TASK DESCRIPTION: The listing below is to be given again in full and word for word, without its images.
[[ INFORMATION SHOWN, beginning ]]
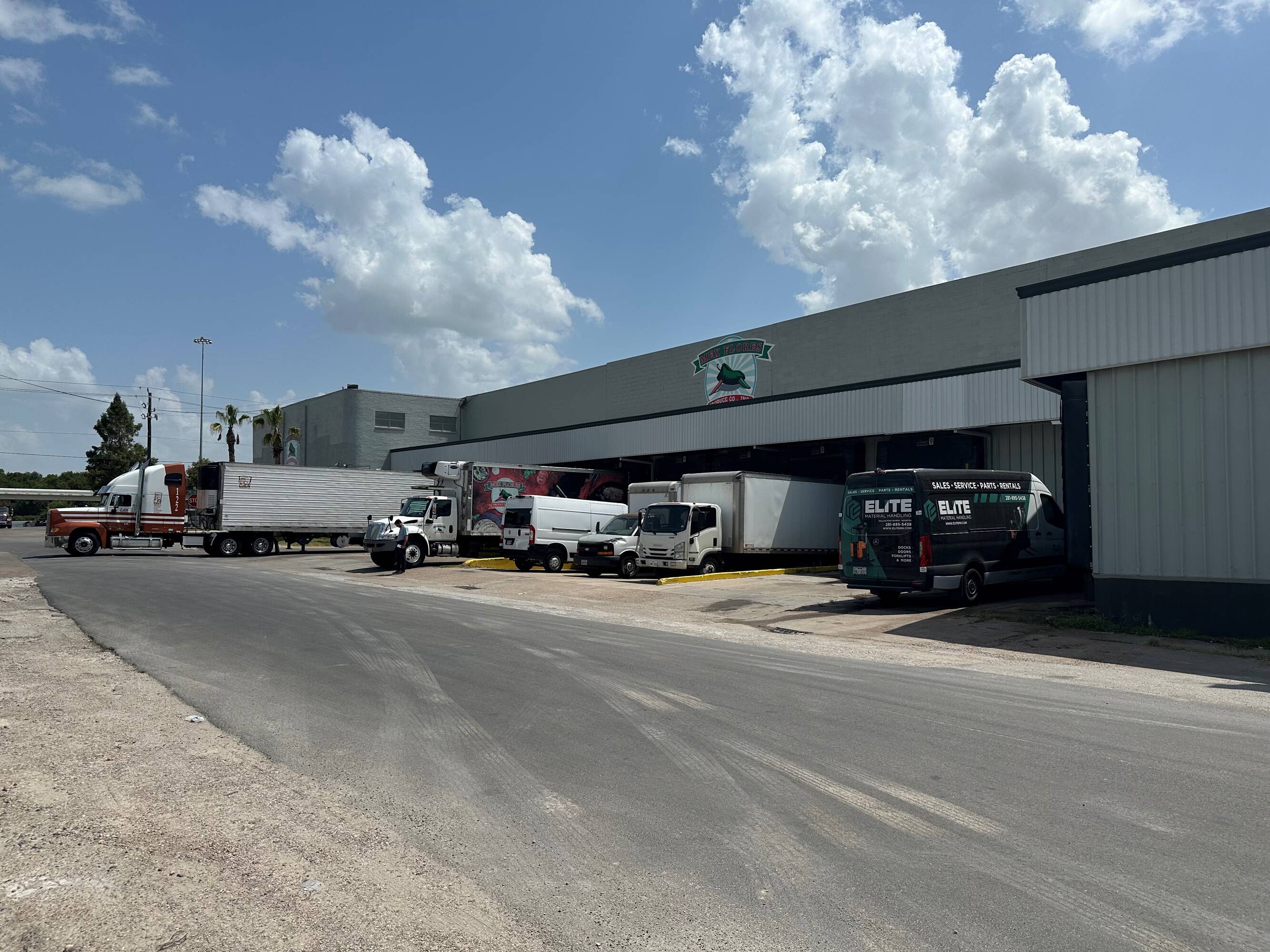 Image of 2216 Silver Street, Houston, TX, showcasing industrial loading docks and parking area.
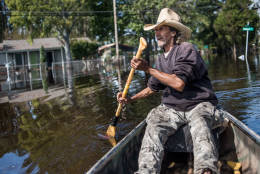 LUMBERTON, NC - OCTOBER 15: Harvey Wearnes paddles a canoe through a flooded street in his neighborhood on October 15, 2016 in Lumberton, North Carolina. The flooding caused by Hurricane Matthew has been responsible for 26 deaths in the state. (Photo by Sean Rayford/Getty Images)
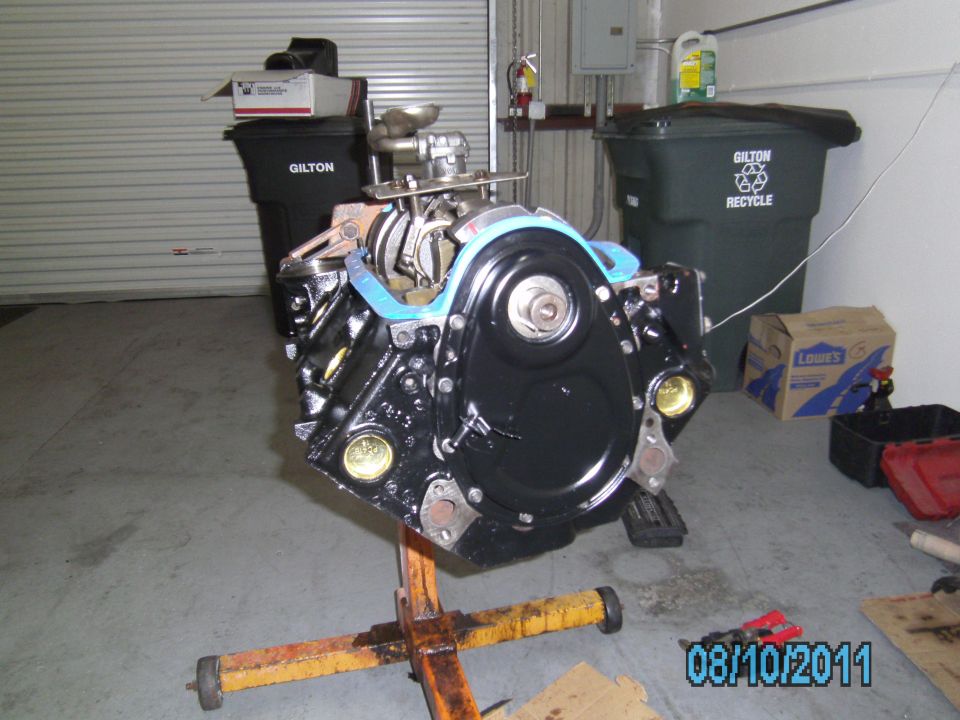 Black engine block on yellow stand, front view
[[ INFORMATION SHOWN, end ]]
RESPONSE FOR THIS EXERCISE:
 Image of 2216 Silver Street, Houston, TX, showcasing industrial loading docks and parking area.
 LUMBERTON, NC - OCTOBER 15: Harvey Wearnes paddles a canoe through a flooded street in his neighborhood on October 15, 2016 in Lumberton, North Carolina. The flooding caused by Hurricane Matthew has been responsible for 26 deaths in the state. (Photo by Sean Rayford/Getty Images)
 Black engine block on yellow stand, front view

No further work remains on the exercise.